Annals of Education

 

Kids can get keen for learning!

By Dr. Edmond Dixon
Special to True North Perspective
 
Dr. Edmond J. Dixon is a former teacher and principal with 28 years experience in Ontario education.  His research is focused on giving teachers practical tools for helping struggling students in the classroom. He is the author of Keen For Learning: Why Some Kids Don’t Succeed in the Classroom – and What We Can Do About It. More information is at www.KeenForLearning.org.

"Let's Face it; I'm stupid. You know it, I know it, and my parents know it."

School has been back for more than a month and seats in classrooms across Ontario are full. We’re into the nitty gritty of the learning season.

Sadly, a quarter of those seats will be empty before those students graduate because 20% to 25% of students will drop out. It happens every year and has remained surprisingly consistent for many years.

As a result, the future of these students will be radically different from those who stay in school. Statistically, dropouts will have more trouble entering and staying in the work force, they’ll earn less, have higher rates of imprisonment and drug use and even have shorter life spans than their more educated peers.

Those who quit school may be labelled as disengaged, lazy, slow, or troubled. Their teachers may be classed as uninspiring, unaware or incompetent. The real issues of family problems, poverty, racism, or cultural bias may be thrown into the mix.

But what if there is another cause?  What if these struggling students simply learn differently?

In my view far too many students are in this predicament and it's time educators in Ontario took a hard look at another way to teach so these young people can learn in the classroom and remain engaged in school rather than becoming tragic statistics.

The quote that opens this article is from a student at a school where I was once principal. His profound belief that he was stupid coloured his school experiences, despite the fact that he was accomplished as a skate-boarder, popular with other students, known for his clever computer instant messaging skills, and possessed an acute sense of humour.

But he was lost in the classroom. The burning question is why was he able to demonstrate the ability to learn in one context but not the other?

The answer is that both research and our own daily observations confirm the existence of different student learning styles among people.

Those who fail in our schools tend to have one of two kinds of learning styles. They’re either kinesthetic and learn through movement and experience or intra-personal, which means they learn best through social interactions with others.

In both cases, these are the children teachers admonish to "sit down and be quiet" in class. But when that happens, they stop learning.

In the best case scenario, they bide their time in the classroom until they leave; alternately, they rebel, become discipline problems and are sent to the office, suspended or expelled.

In the worst case scenario, they become convinced that they cannot learn in a classroom and are affected for the rest of their lives as they avoid situations where they might have to do "school" learning, thereby cutting themselves off from many learning and retraining opportunities.

These students have always been with us but in the past schools didn’t educate them until they were adults.
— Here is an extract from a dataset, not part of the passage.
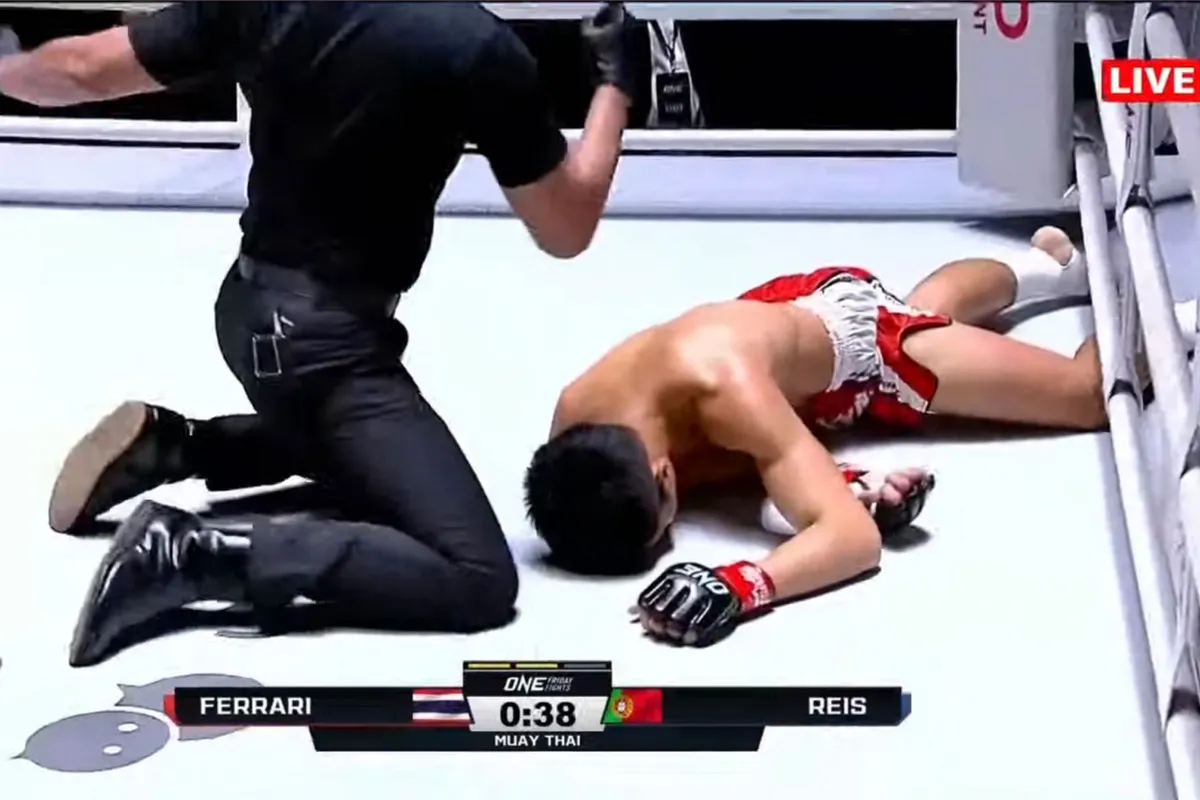 🎥 Hersenkraker! Kickbokser Fabio Reis KO't Ferrari Fairtex onderuit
Most left school early, went to work in trades, manufacturing or some other experiential situation where they could develop their skills and abilities in a kinesthetic or intrapersonal fashion.

As a result, they could build successful lives once they left school. Unfortunately, those opportunities no longer exist for high-school dropouts.

The Ontario government recognizes this in its requirement that all students stay in school until 18 years of age, and that means that schools today must find ways of effectively teaching those who would have left in earlier times.

Educators have responded with the idea of "differentiating" instruction to students but so far there have not been enough helpful ideas for teachers to use in accomplishing this.

A practical application of brain research can help point the way. Due to the advances in technology such as Magnetic Resonant Imaging, we are learning more than we ever knew before about how the brain learns. We now know that movement and emotion are powerful tools in helping learning happen because they trigger engagement and create new neural pathways that strengthen the understanding of what is being learned.

This research allows us to develop simple exercises for the classroom context. We have discovered that if educators use an activity that allows a student to move, playfully approach the curriculum material, see it from a different perspective using their bodies, and create a story around it, we can supercharge learning — particularly for the 25% of students who struggle.

When using these activities in schools we have concrete evidence that students who are disengaged in school become passionate about learning, achieve higher and even take a leadership role in the classroom.

Why?

Because they were allowed to learn and process information in the way that best suited their learning style. It can happen in any classroom and does not replace the reading and writing tasks that occur, it just enhances them.

It's time educators in Ontario examined more closely the idea of letting students get out of their seats to learn in the classroom — so that they will be less likely to permanently vacate those seats before graduation.